§ **ASSIGNMENT**
Quote the entries that follow exactly, leaving none out.

[EXTRACTED DATA — start]

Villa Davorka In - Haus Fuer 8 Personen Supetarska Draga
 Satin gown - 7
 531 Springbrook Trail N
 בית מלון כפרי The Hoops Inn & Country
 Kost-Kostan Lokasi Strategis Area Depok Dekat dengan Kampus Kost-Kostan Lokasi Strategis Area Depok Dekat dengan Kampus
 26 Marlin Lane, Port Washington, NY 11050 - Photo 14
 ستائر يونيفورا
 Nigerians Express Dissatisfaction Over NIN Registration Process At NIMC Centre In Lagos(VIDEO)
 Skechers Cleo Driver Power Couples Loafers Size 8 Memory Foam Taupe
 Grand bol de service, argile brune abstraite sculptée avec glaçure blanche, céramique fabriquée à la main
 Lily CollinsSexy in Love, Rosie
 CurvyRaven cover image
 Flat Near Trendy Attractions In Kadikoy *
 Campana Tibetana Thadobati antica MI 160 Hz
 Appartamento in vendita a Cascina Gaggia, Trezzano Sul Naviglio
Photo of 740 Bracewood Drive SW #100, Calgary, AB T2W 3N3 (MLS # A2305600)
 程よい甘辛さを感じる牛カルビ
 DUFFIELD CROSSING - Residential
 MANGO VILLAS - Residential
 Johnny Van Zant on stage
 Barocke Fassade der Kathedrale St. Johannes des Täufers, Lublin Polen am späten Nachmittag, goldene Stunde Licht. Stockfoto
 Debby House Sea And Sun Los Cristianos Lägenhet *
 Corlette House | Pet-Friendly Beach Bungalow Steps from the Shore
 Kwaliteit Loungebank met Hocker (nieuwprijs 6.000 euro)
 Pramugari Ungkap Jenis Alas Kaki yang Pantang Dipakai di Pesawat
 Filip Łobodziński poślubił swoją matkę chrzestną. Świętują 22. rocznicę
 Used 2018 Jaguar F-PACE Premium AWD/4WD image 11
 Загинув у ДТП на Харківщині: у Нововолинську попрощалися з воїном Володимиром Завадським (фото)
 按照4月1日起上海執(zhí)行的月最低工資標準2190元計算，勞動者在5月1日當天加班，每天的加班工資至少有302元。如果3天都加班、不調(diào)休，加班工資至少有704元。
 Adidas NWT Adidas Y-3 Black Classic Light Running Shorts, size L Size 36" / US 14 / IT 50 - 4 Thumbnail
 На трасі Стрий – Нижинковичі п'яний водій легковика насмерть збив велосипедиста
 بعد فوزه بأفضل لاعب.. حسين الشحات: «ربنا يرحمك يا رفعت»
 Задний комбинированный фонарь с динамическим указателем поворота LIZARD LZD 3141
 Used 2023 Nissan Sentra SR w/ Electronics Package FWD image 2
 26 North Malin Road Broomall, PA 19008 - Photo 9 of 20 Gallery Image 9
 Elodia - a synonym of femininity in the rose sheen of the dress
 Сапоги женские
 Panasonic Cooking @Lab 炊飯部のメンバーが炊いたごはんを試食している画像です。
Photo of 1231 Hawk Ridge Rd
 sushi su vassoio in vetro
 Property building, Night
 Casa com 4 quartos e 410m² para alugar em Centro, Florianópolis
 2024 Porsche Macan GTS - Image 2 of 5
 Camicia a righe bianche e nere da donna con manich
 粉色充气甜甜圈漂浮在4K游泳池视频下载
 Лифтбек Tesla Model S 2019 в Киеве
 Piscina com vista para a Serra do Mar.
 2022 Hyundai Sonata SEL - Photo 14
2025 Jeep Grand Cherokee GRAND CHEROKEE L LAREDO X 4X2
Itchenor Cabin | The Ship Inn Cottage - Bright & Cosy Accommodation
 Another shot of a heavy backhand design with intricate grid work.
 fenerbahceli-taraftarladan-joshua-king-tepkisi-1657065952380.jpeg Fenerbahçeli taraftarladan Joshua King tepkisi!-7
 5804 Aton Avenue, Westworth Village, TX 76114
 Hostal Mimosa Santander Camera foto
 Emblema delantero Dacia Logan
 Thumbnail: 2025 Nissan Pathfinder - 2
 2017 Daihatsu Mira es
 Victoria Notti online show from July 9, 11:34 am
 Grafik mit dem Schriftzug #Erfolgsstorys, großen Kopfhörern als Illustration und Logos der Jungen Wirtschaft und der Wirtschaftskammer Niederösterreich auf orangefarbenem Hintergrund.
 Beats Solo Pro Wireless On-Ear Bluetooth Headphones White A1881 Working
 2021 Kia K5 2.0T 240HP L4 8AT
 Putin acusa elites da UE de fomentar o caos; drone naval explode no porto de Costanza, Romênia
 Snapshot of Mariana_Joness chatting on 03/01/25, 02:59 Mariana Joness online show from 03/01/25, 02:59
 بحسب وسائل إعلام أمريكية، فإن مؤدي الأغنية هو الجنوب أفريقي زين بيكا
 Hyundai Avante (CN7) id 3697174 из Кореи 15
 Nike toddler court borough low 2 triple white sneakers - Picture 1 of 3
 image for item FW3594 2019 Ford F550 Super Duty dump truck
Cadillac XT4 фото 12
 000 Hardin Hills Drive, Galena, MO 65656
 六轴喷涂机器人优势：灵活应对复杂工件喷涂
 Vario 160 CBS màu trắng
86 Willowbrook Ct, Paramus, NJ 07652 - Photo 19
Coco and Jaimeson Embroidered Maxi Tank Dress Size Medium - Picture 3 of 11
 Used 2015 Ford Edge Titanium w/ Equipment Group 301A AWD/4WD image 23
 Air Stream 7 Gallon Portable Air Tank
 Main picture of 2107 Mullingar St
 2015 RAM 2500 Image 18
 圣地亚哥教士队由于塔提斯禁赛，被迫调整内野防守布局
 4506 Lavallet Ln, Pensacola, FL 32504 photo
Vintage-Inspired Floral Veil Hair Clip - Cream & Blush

[EXTRACTED DATA — finish]

§ **ANSWER SPACE**
Villa Davorka In - Haus Fuer 8 Personen Supetarska Draga
 Satin gown - 7
 531 Springbrook Trail N
 בית מלון כפרי The Hoops Inn & Country
 Kost-Kostan Lokasi Strategis Area Depok Dekat dengan Kampus Kost-Kostan Lokasi Strategis Area Depok Dekat dengan Kampus
 26 Marlin Lane, Port Washington, NY 11050 - Photo 14
 ستائر يونيفورا
 Nigerians Express Dissatisfaction Over NIN Registration Process At NIMC Centre In Lagos(VIDEO)
 Skechers Cleo Driver Power Couples Loafers Size 8 Memory Foam Taupe
 Grand bol de service, argile brune abstraite sculptée avec glaçure blanche, céramique fabriquée à la main
 Lily CollinsSexy in Love, Rosie
 CurvyRaven cover image
 Flat Near Trendy Attractions In Kadikoy *
 Campana Tibetana Thadobati antica MI 160 Hz
 Appartamento in vendita a Cascina Gaggia, Trezzano Sul Naviglio
Photo of 740 Bracewood Drive SW #100, Calgary, AB T2W 3N3 (MLS # A2305600)
 程よい甘辛さを感じる牛カルビ
 DUFFIELD CROSSING - Residential
 MANGO VILLAS - Residential
 Johnny Van Zant on stage
 Barocke Fassade der Kathedrale St. Johannes des Täufers, Lublin Polen am späten Nachmittag, goldene Stunde Licht. Stockfoto
 Debby House Sea And Sun Los Cristianos Lägenhet *
 Corlette House | Pet-Friendly Beach Bungalow Steps from the Shore
 Kwaliteit Loungebank met Hocker (nieuwprijs 6.000 euro)
 Pramugari Ungkap Jenis Alas Kaki yang Pantang Dipakai di Pesawat
 Filip Łobodziński poślubił swoją matkę chrzestną. Świętują 22. rocznicę
 Used 2018 Jaguar F-PACE Premium AWD/4WD image 11
 Загинув у ДТП на Харківщині: у Нововолинську попрощалися з воїном Володимиром Завадським (фото)
 按照4月1日起上海執(zhí)行的月最低工資標準2190元計算，勞動者在5月1日當天加班，每天的加班工資至少有302元。如果3天都加班、不調(diào)休，加班工資至少有704元。
 Adidas NWT Adidas Y-3 Black Classic Light Running Shorts, size L Size 36" / US 14 / IT 50 - 4 Thumbnail
 На трасі Стрий – Нижинковичі п'яний водій легковика насмерть збив велосипедиста
 بعد فوزه بأفضل لاعب.. حسين الشحات: «ربنا يرحمك يا رفعت»
 Задний комбинированный фонарь с динамическим указателем поворота LIZARD LZD 3141
 Used 2023 Nissan Sentra SR w/ Electronics Package FWD image 2
 26 North Malin Road Broomall, PA 19008 - Photo 9 of 20 Gallery Image 9
 Elodia - a synonym of femininity in the rose sheen of the dress
 Сапоги женские
 Panasonic Cooking @Lab 炊飯部のメンバーが炊いたごはんを試食している画像です。
Photo of 1231 Hawk Ridge Rd
 sushi su vassoio in vetro
 Property building, Night
 Casa com 4 quartos e 410m² para alugar em Centro, Florianópolis
 2024 Porsche Macan GTS - Image 2 of 5
 Camicia a righe bianche e nere da donna con manich
 粉色充气甜甜圈漂浮在4K游泳池视频下载
 Лифтбек Tesla Model S 2019 в Киеве
 Piscina com vista para a Serra do Mar.
 2022 Hyundai Sonata SEL - Photo 14
2025 Jeep Grand Cherokee GRAND CHEROKEE L LAREDO X 4X2
Itchenor Cabin | The Ship Inn Cottage - Bright & Cosy Accommodation
 Another shot of a heavy backhand design with intricate grid work.
 fenerbahceli-taraftarladan-joshua-king-tepkisi-1657065952380.jpeg Fenerbahçeli taraftarladan Joshua King tepkisi!-7
 5804 Aton Avenue, Westworth Village, TX 76114
 Hostal Mimosa Santander Camera foto
 Emblema delantero Dacia Logan
 Thumbnail: 2025 Nissan Pathfinder - 2
 2017 Daihatsu Mira es
 Victoria Notti online show from July 9, 11:34 am
 Grafik mit dem Schriftzug #Erfolgsstorys, großen Kopfhörern als Illustration und Logos der Jungen Wirtschaft und der Wirtschaftskammer Niederösterreich auf orangefarbenem Hintergrund.
 Beats Solo Pro Wireless On-Ear Bluetooth Headphones White A1881 Working
 2021 Kia K5 2.0T 240HP L4 8AT
 Putin acusa elites da UE de fomentar o caos; drone naval explode no porto de Costanza, Romênia
 Snapshot of Mariana_Joness chatting on 03/01/25, 02:59 Mariana Joness online show from 03/01/25, 02:59
 بحسب وسائل إعلام أمريكية، فإن مؤدي الأغنية هو الجنوب أفريقي زين بيكا
 Hyundai Avante (CN7) id 3697174 из Кореи 15
 Nike toddler court borough low 2 triple white sneakers - Picture 1 of 3
 image for item FW3594 2019 Ford F550 Super Duty dump truck
Cadillac XT4 фото 12
 000 Hardin Hills Drive, Galena, MO 65656
 六轴喷涂机器人优势：灵活应对复杂工件喷涂
 Vario 160 CBS màu trắng
86 Willowbrook Ct, Paramus, NJ 07652 - Photo 19
Coco and Jaimeson Embroidered Maxi Tank Dress Size Medium - Picture 3 of 11
 Used 2015 Ford Edge Titanium w/ Equipment Group 301A AWD/4WD image 23
 Air Stream 7 Gallon Portable Air Tank
 Main picture of 2107 Mullingar St
 2015 RAM 2500 Image 18
 圣地亚哥教士队由于塔提斯禁赛，被迫调整内野防守布局
 4506 Lavallet Ln, Pensacola, FL 32504 photo
Vintage-Inspired Floral Veil Hair Clip - Cream & Blush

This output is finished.